### WORK ITEM
Using the data below, return word for word every line from the one holding "I'll put some" down to the one holding "Overall, I've really". Leave pictures out.

--*--

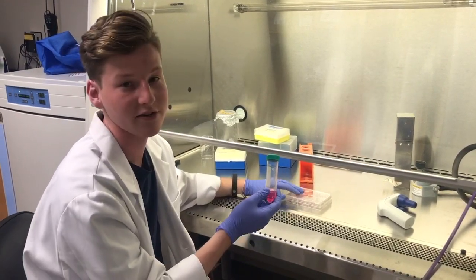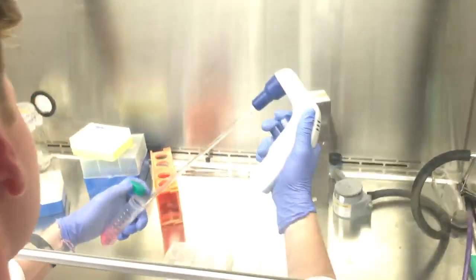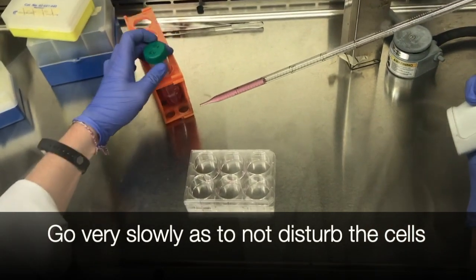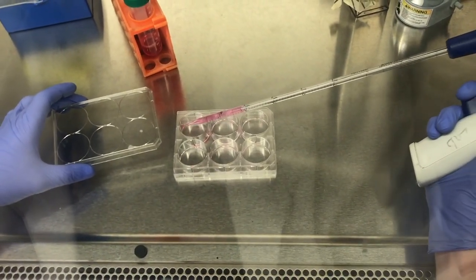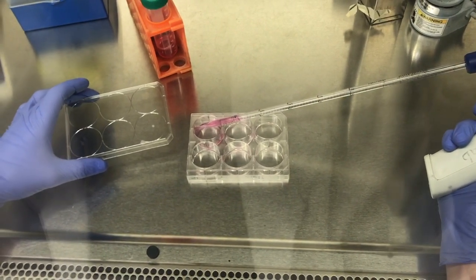Also, if you're using any drug treatments, they will need to be added in low serum media so you can let it sit overnight or for however long you need. Be very careful when putting the media back on the plate — if you do it too fast it could disturb your cells and ruin the scratch assay. Don't touch the bottom of the well, go very slowly, and it may help to dispense the media onto the side of the well.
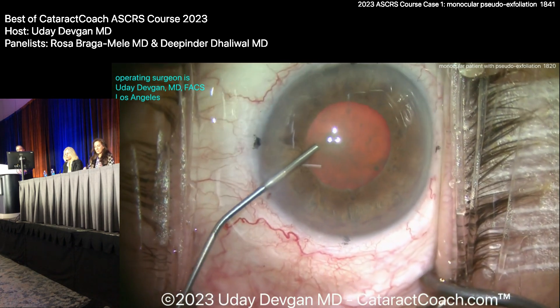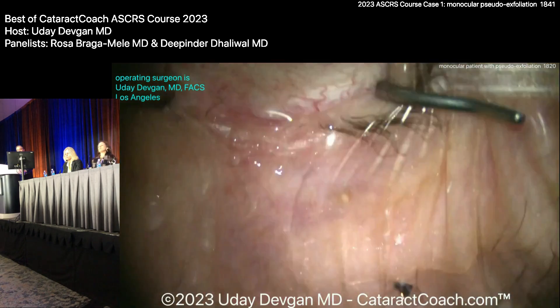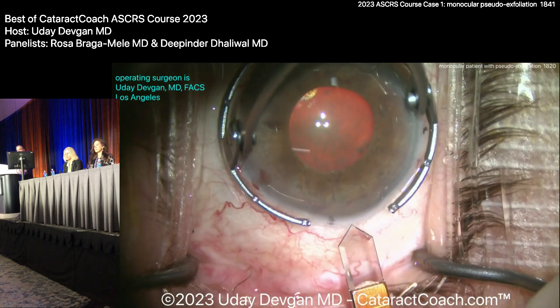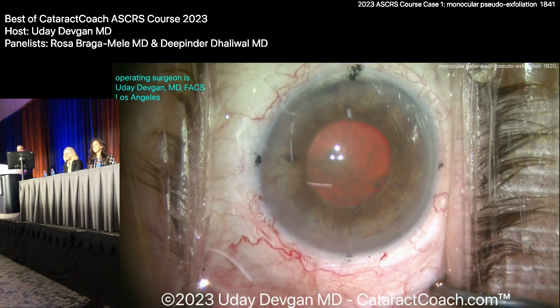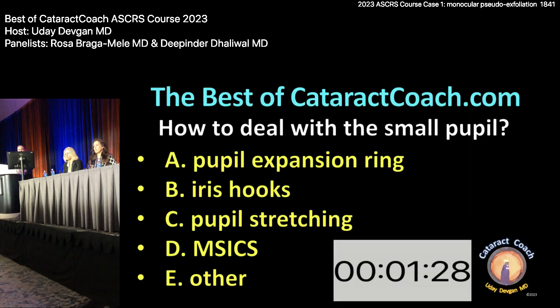I'll put some viscoelastic and some epi in the eye. I love patients for pre-op like this. Making the main incision. Now, what do I do here? Deepi, Rosa — pupil ring, iris hooks, pupil stretching, FSICS, or other? What are you going to do in a case like that? Monocular, 5mm pupil, 88-year-old lady.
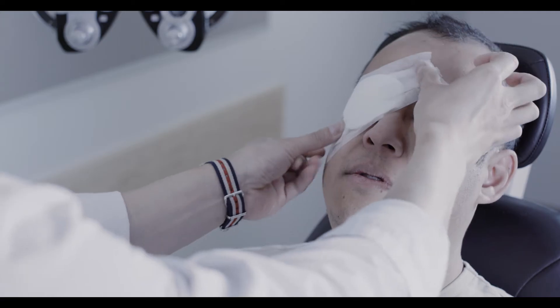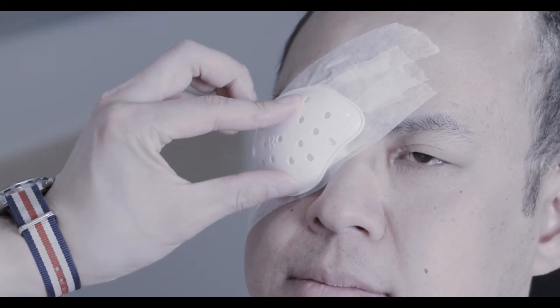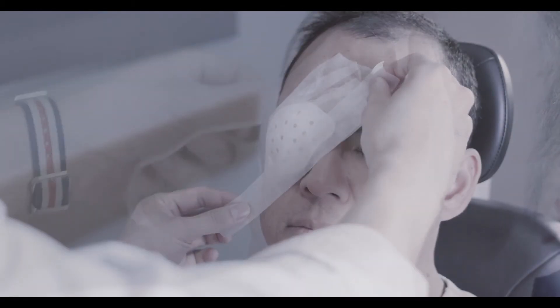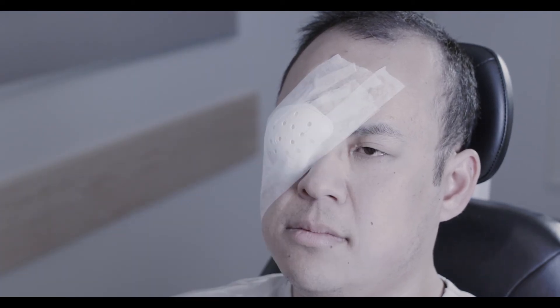Ask the patient to keep their eyes closed during this step. Just to double check — your eye is still closed underneath the patch? Yes. An eye shield can be positioned over this patch if desired. When transferring patients with a suspected globe injury, only a shield should be used, as this allows protection of the eye without applying pressure to the site of injury.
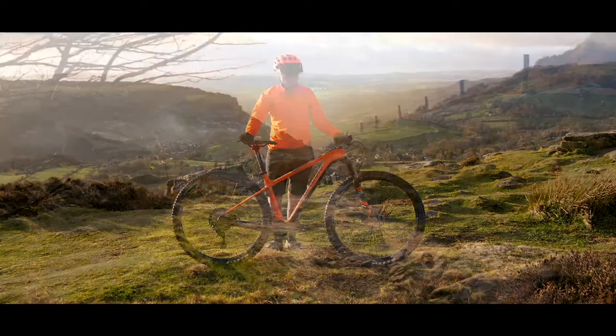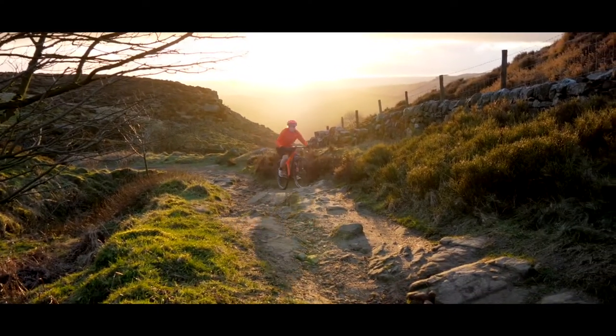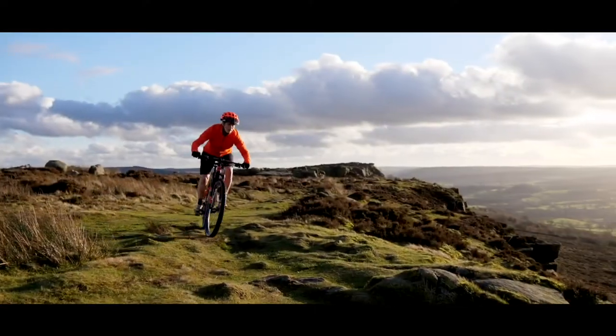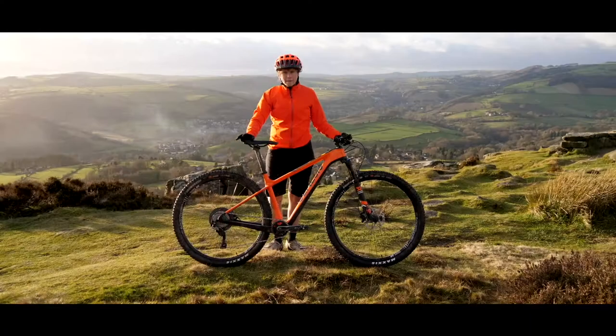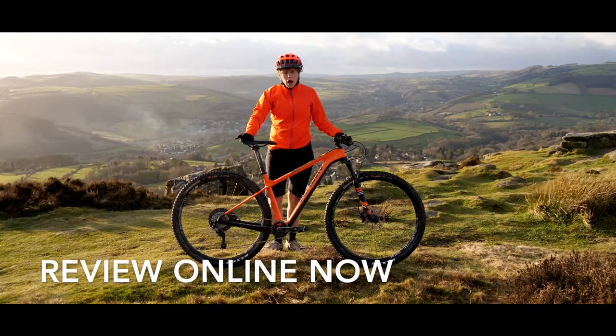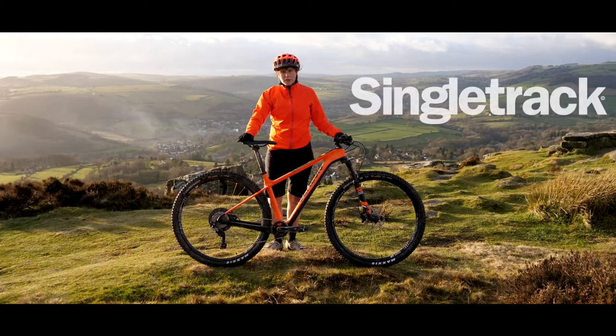Overall, I've really enjoyed riding this Genesis Mantle. It's quick and nimble and light — all of those things that you expect from a cross-country bike. At the same time, its adoption of a slightly more modern geometry makes it incredibly stable and really capable of much more than you'd traditionally be able to do on a cross-country hardtail.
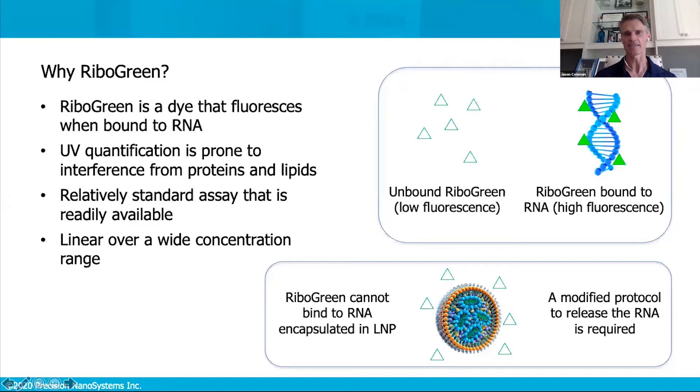What we want to determine for encapsulation efficiency is the difference between the amount of RNA that's inside the lipid nanoparticle versus outside it. Since there's no easy way to measure the encapsulated RNA directly, part of the assay involves lysing the lipid nanoparticles and then measuring the RNA after it's released from the particles. Note that the ribogreen assay is specific for RNA, but you could use a picogreen assay for DNA and follow the same procedure.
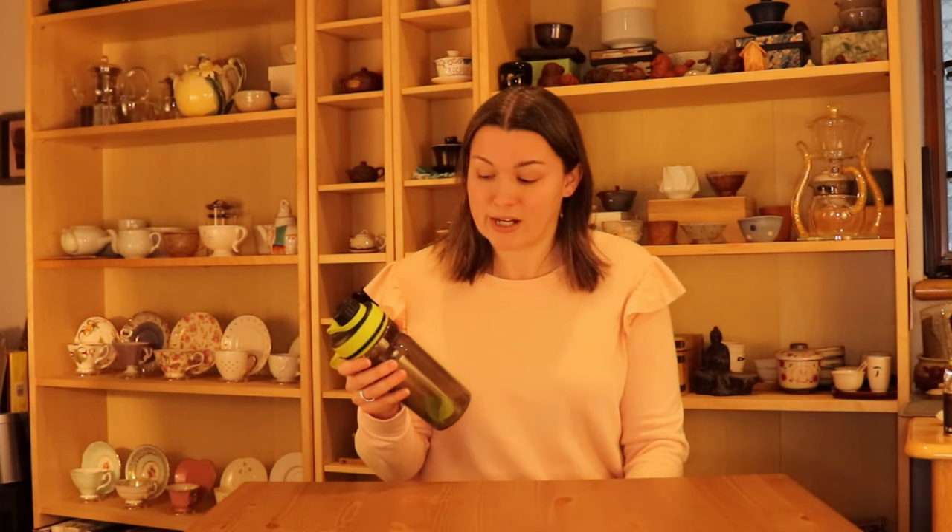Next up are blender bottles. These will often be sold for things like protein shakes, where they have a plastic or metal ball inside, and that will actually help your matcha be mixed into the water. So this is also a great option if you're on the go. This is Jason's from a long time ago — he never uses it so I steal it for matcha sometimes.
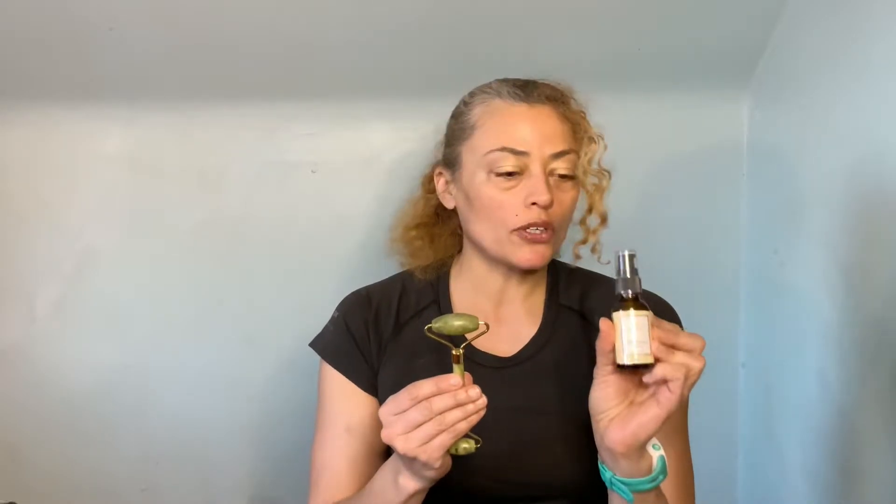Today I'm going to try Joyeal Beauty Skin Renewal Serum with the Jade Face Roller. This is an all-organic beauty product made with honey, royal jelly, and propolis. Honey contains 22 amino acids, 27 minerals, and 5,000 enzymes.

--*--

### EXPECTED ANSWER
I'll put some viscoelastic and some epi in the eye. I love patients for pre-op like this. Making the main incision. Now, what do I do here? Deepi, Rosa — pupil ring, iris hooks, pupil stretching, FSICS, or other? What are you going to do in a case like that? Monocular, 5mm pupil, 88-year-old lady.
Ask the patient to keep their eyes closed during this step. Just to double check — your eye is still closed underneath the patch? Yes. An eye shield can be positioned over this patch if desired. When transferring patients with a suspected globe injury, only a shield should be used, as this allows protection of the eye without applying pressure to the site of injury.
Overall, I've really enjoyed riding this Genesis Mantle. It's quick and nimble and light — all of those things that you expect from a cross-country bike. At the same time, its adoption of a slightly more modern geometry makes it incredibly stable and really capable of much more than you'd traditionally be able to do on a cross-country hardtail.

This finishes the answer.